Copy each line below as written, but skip the pictures.

Source material
#####
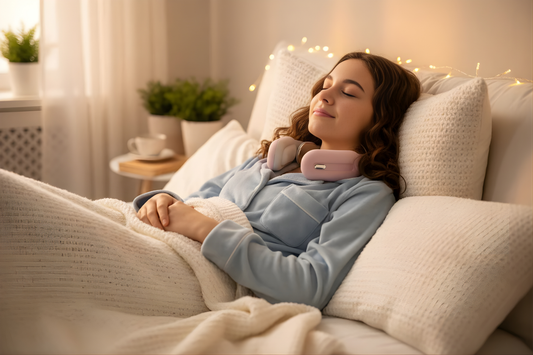 Smart Shoulder and Neck Massager Hot Compression Mini Cervical Massager Physiotherapy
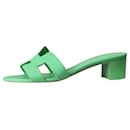 Sandales à talons Oran vertes - taille EU 38 - Hermès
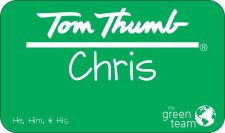 (image for) Tom Thumb Minor Green Badge with Diversity Logo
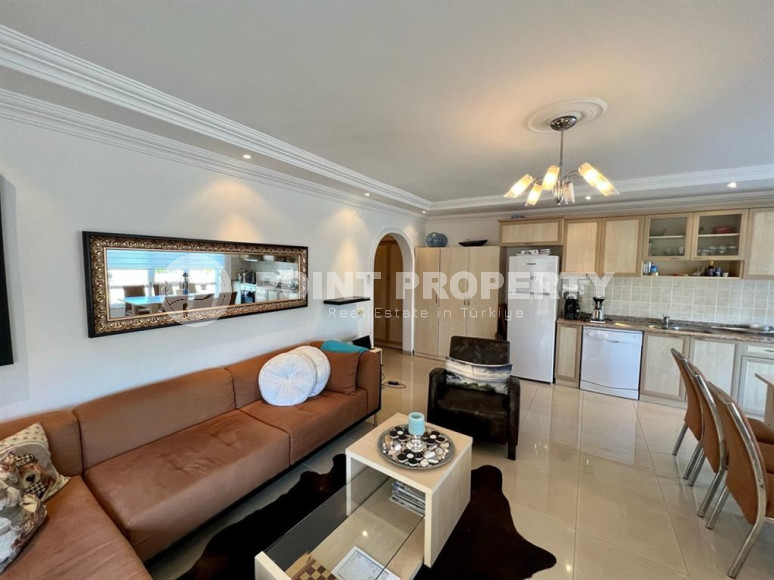 Three-room apartment, apartments with furniture and appliances, apartments close to the sea, apartments 300 m from the sea. Oba district.-id-1137-photo-5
#####
Your response
 Smart Shoulder and Neck Massager Hot Compression Mini Cervical Massager Physiotherapy
 Sandales à talons Oran vertes - taille EU 38 - Hermès
 (image for) Tom Thumb Minor Green Badge with Diversity Logo
 Three-room apartment, apartments with furniture and appliances, apartments close to the sea, apartments 300 m from the sea. Oba district.-id-1137-photo-5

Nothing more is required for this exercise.